Although it is theoretically possible to insure all possibilities of loss, some are not insurable at a reasonable price. For practical reasons, insurers are not willing to accept all the risks that others may wish to transfer to them. To be considered a proper subject for insurance, certain characteristics should be present. The four prerequisites listed next represent the "ideal" elements of an insurable risk. Although it is desirable that the risk have these characteristics, it is possible for certain risks that do not have them to be insured.
There must be a sufficiently large number of homogeneous exposure units to make the losses reasonably predictable. Insurance is based on the operation of the law of large numbers. A large number of exposure units enhance the operation of an insurance plan by making estimates of future losses more accurate.
The loss produced by the risk must be definite and measurable. It must be a type of loss that is relatively difficult to counterfeit, and it must be capable of financial measurement. In other words, we must be able to tell when a loss has taken place, and we must be able to set some value to the extent of it
The loss must be fortuitous or accidental. The loss must be the result of a contingency; that is, it must be something that may or may not happen. It must not be something that is certain to happen. If the insurance company knows that an event in the future is inevitable, it also knows that it must collect a premium equal to the certain loss that it must pay, plus an additional amount for the expenses of administering the claim and operation.

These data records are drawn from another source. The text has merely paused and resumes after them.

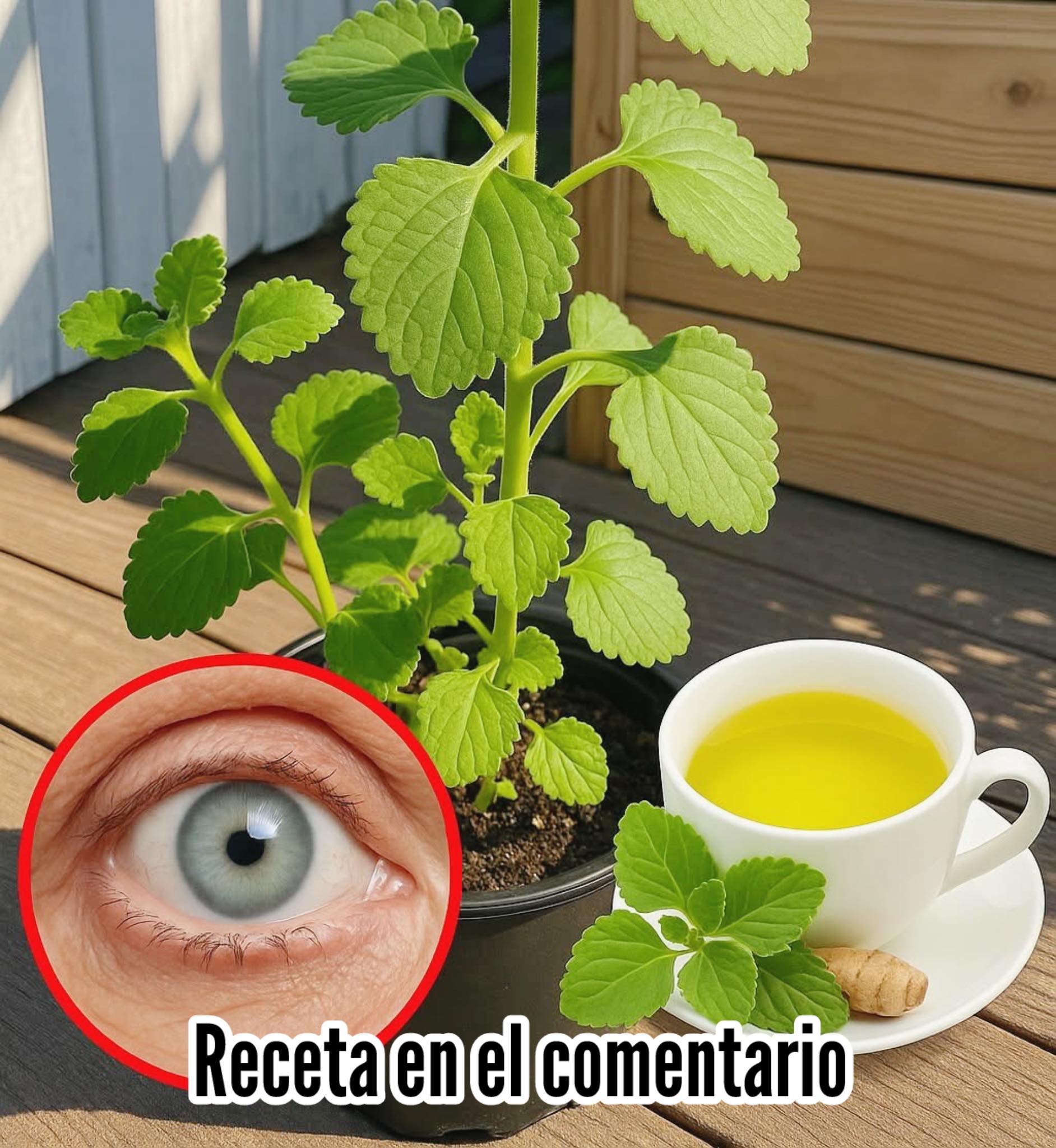 500256840 1258054525881254 4237721349651088835 n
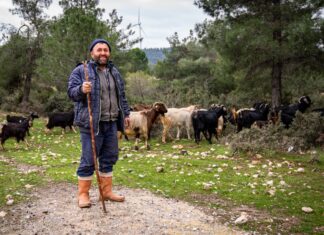 İzmir’de 4 bin 658 çoban bulunuyor; Kentin sahip olduğu mera hayvanı sayısı ise, yarım milyonun üstünde.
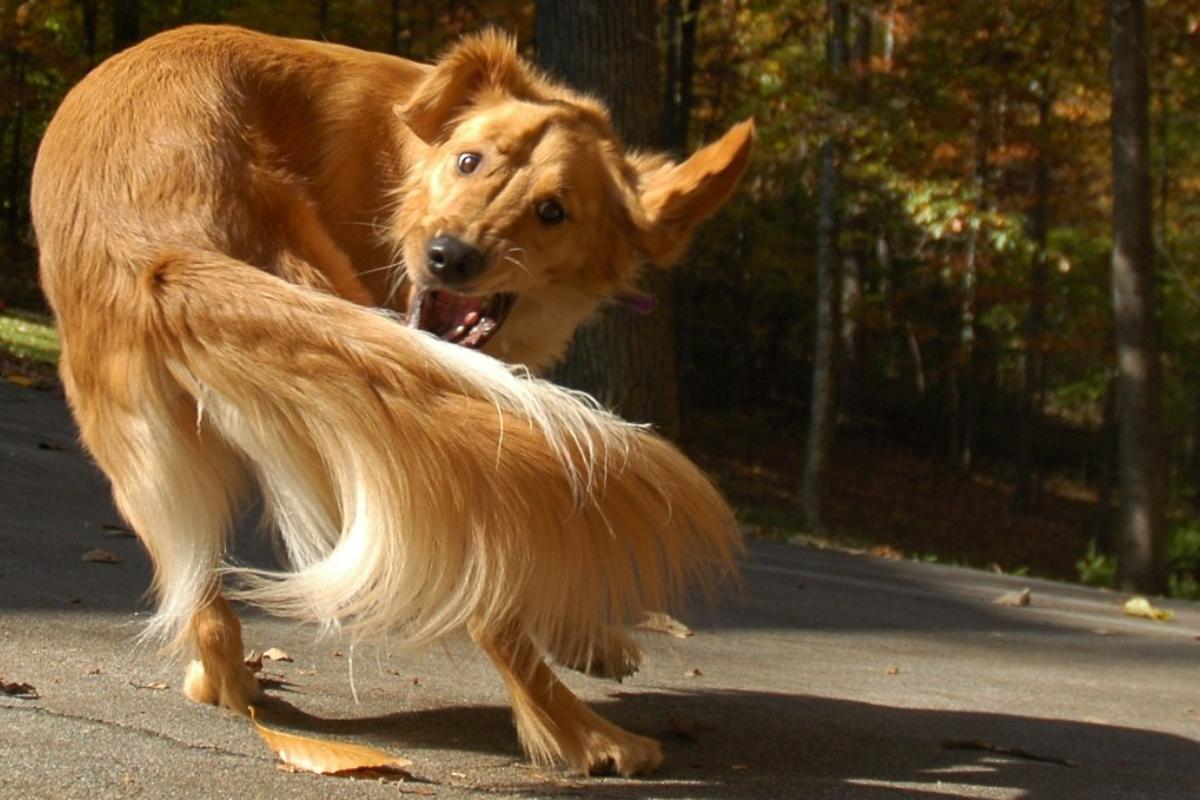 Estereotipias en animales: qué son y ejemplos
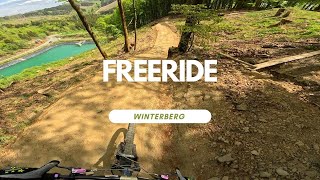 Freeride Line 2025 Bikepark Winterberg Full...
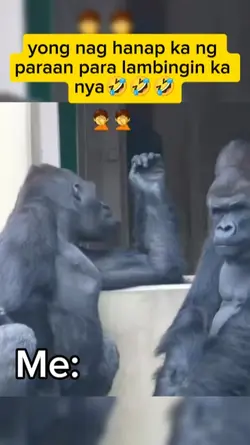 funny Gorilla 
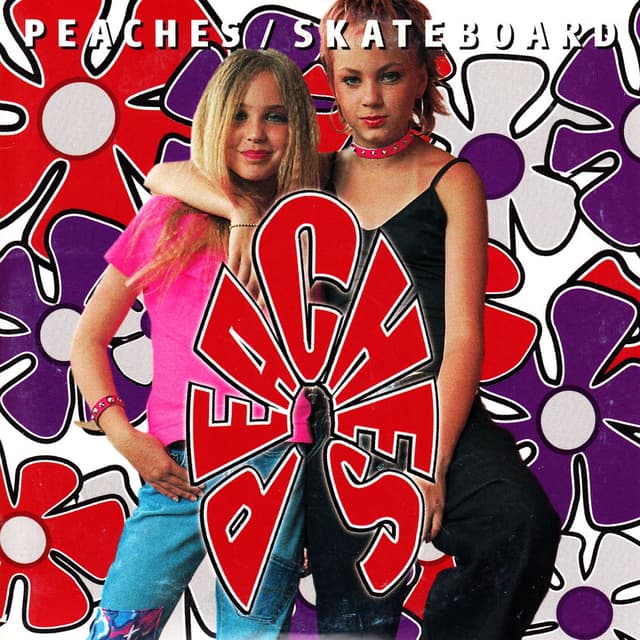 Skateboard cover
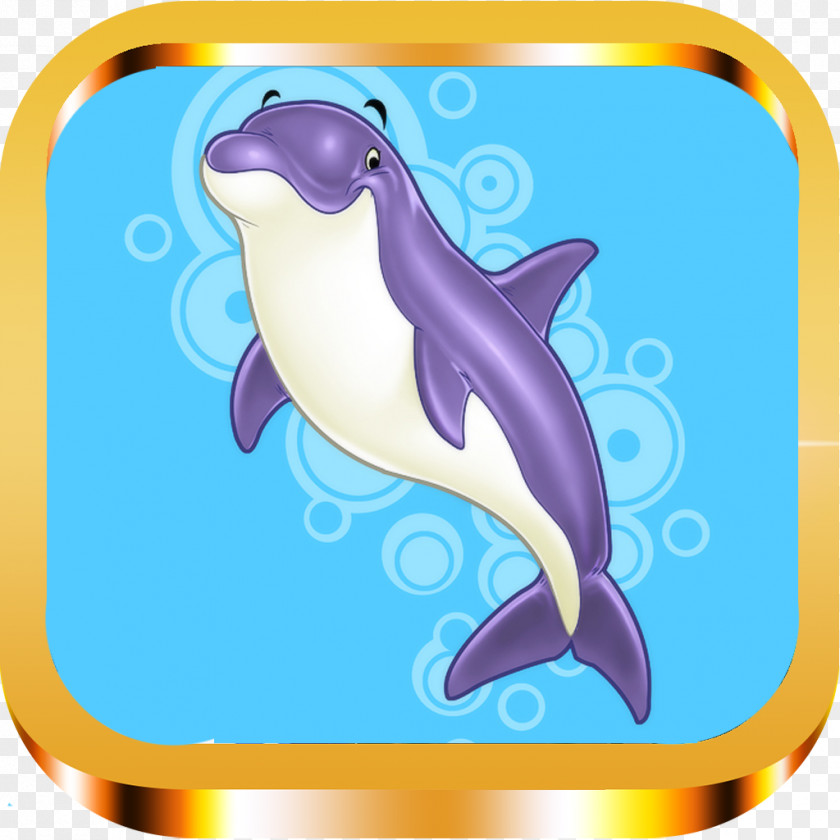 Penguin Common Bottlenose Dolphin Tucuxi Clip Art PNG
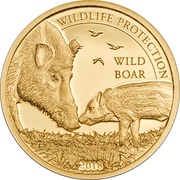1000 Tögrög Wild Boar, Mongolia, 2018 reverse image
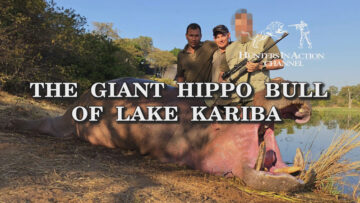 The-giant-hippo-bull-of-Lake-Kariba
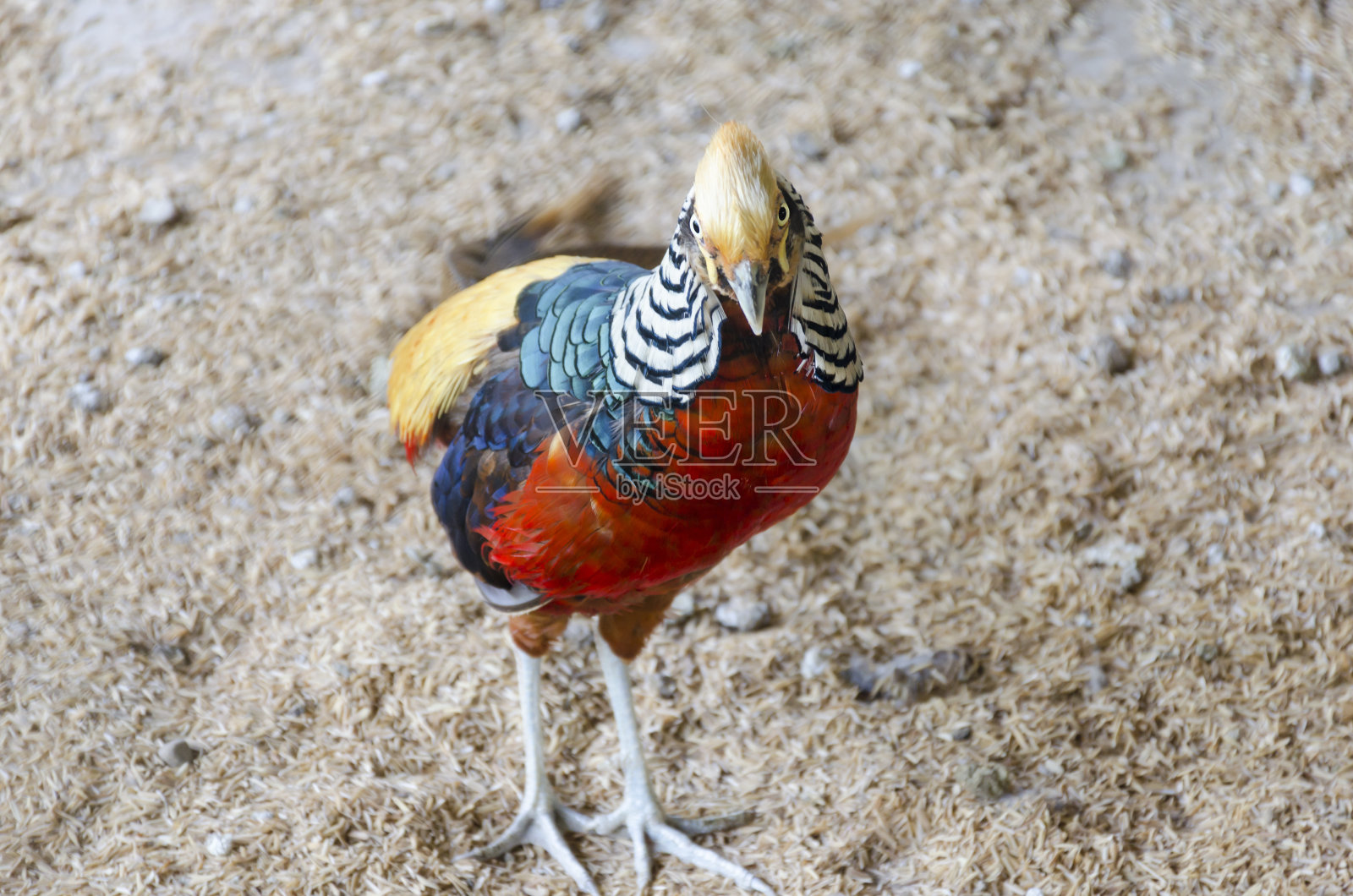 雄性松鸡非常鲜艳，金色的羽毛，红色的鸡冠和长长的尾巴照片摄影图片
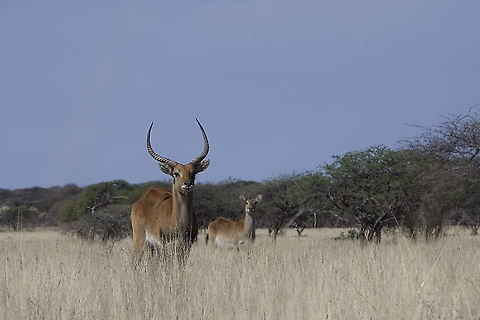 Lechwe Ram  Geotagged,Kobus leche,Lechwe,South Africa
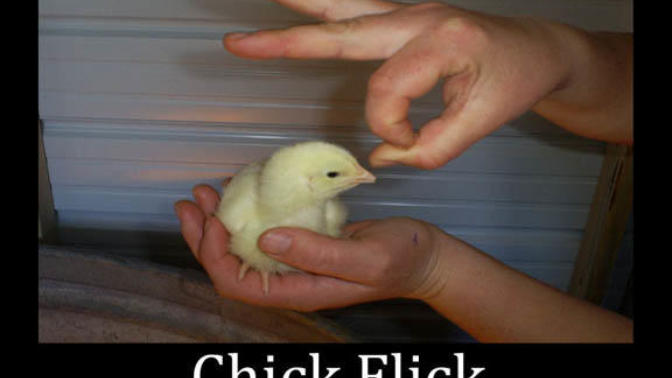 Girls, Do you get mad when a guy calls a movie a "chick flick"?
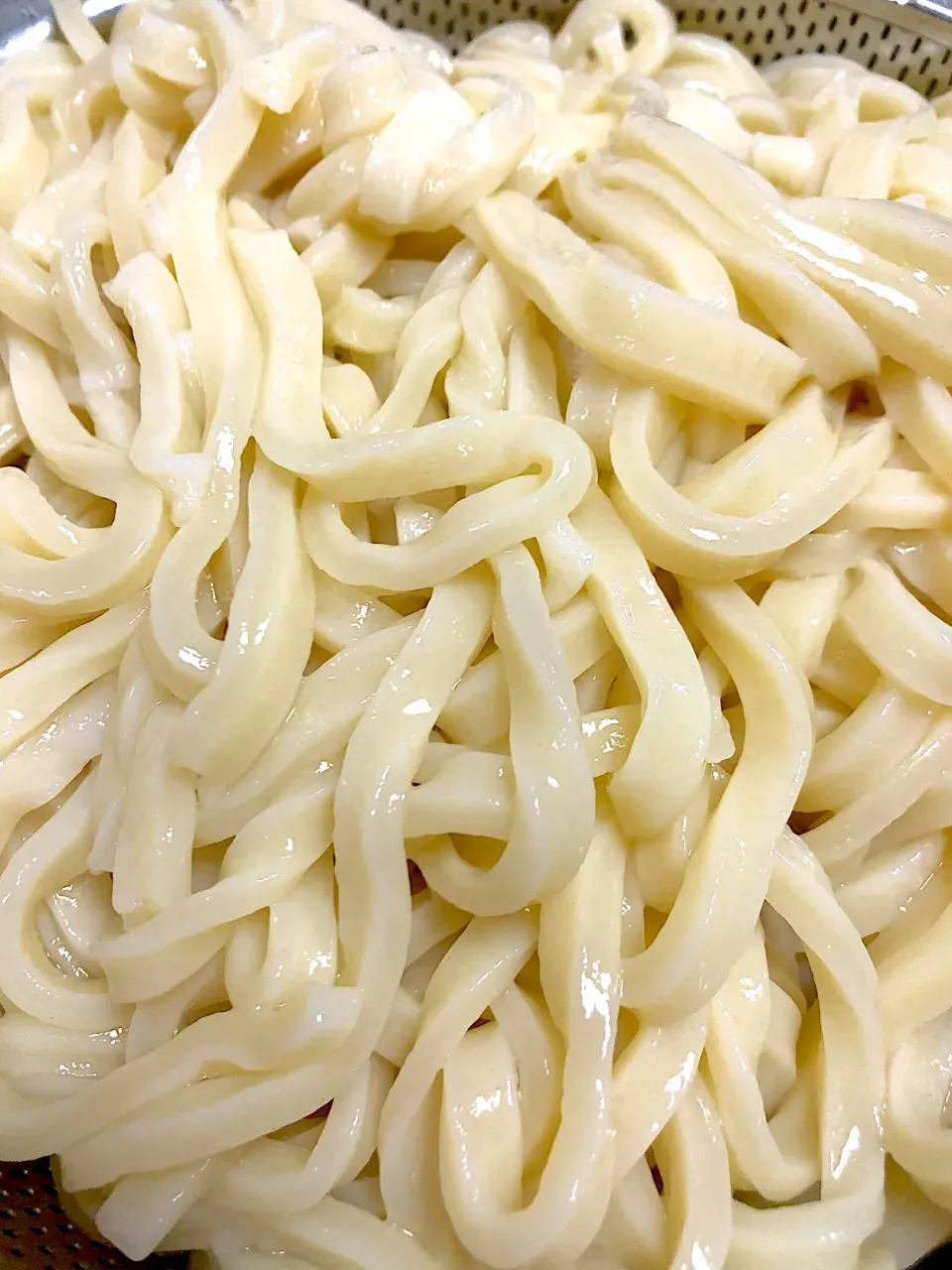 手打ちうどん|ふみぃさん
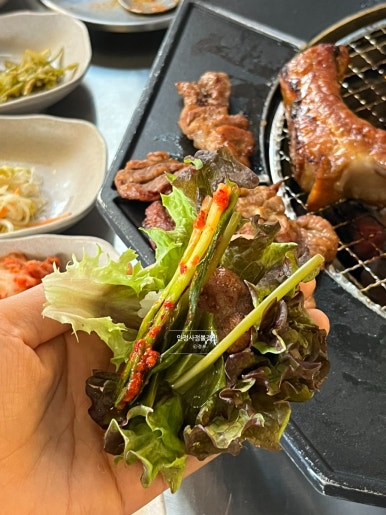 논현돈 이미지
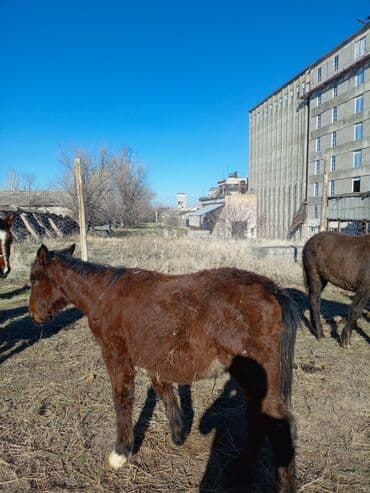 гончие собаки: Продаю | Жеребенок | Полукровка | Для разведения — 5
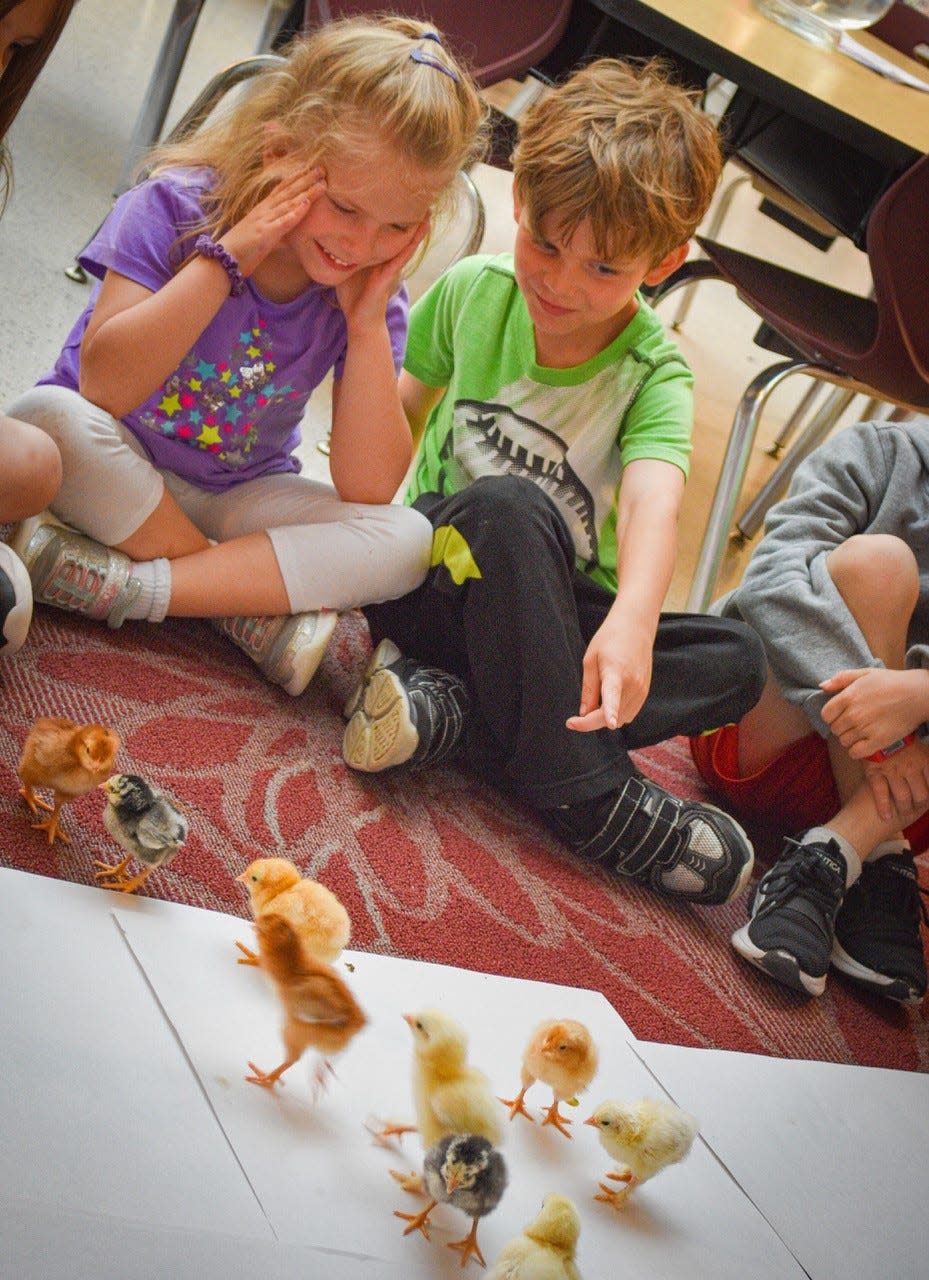 The ChickQuest program allows students to learn about the life cycle through hands-on lessons.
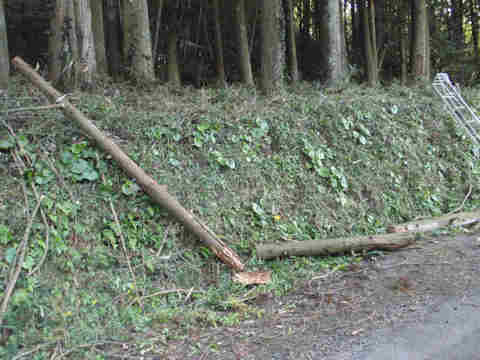 f:id:chuumeikun:20161106022217j:plain f:id:chuumeikun:20161106022217j:plain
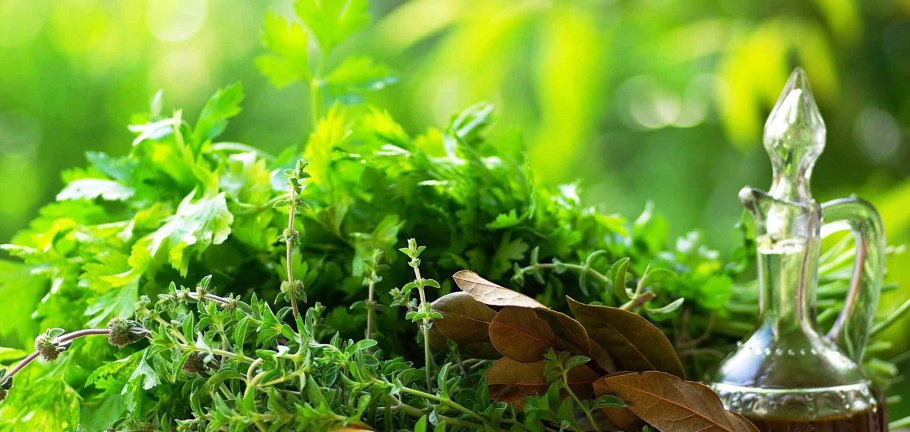 Сбор лекарственных растений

Depreciation, which is a certainty, cannot be insured; it is provided for through a sinking fund. Furthermore, the loss should be beyond the control of the insured. The law of large numbers is useful in making predictions only if we can reasonably assume that future occurrences will approximate past experience. Since we assume that past experience was a result of chance happening, the predictions concerning the future will be valid only if future happenings are also a result of chance.
The loss must not be catastrophic. It must be unlikely to produce loss to a very large percentage of the exposure units at the same time. The insurance principle is based on a notion of sharing losses, and inherent in this idea is the assumption that only a small percentage of the group will suffer the loss at any one time. Damage that results from enemy attack would be catastrophic in nature. There are additional perils, such as floods, which, while they would not affect everyone in society, would affect only those who had purchased insurance.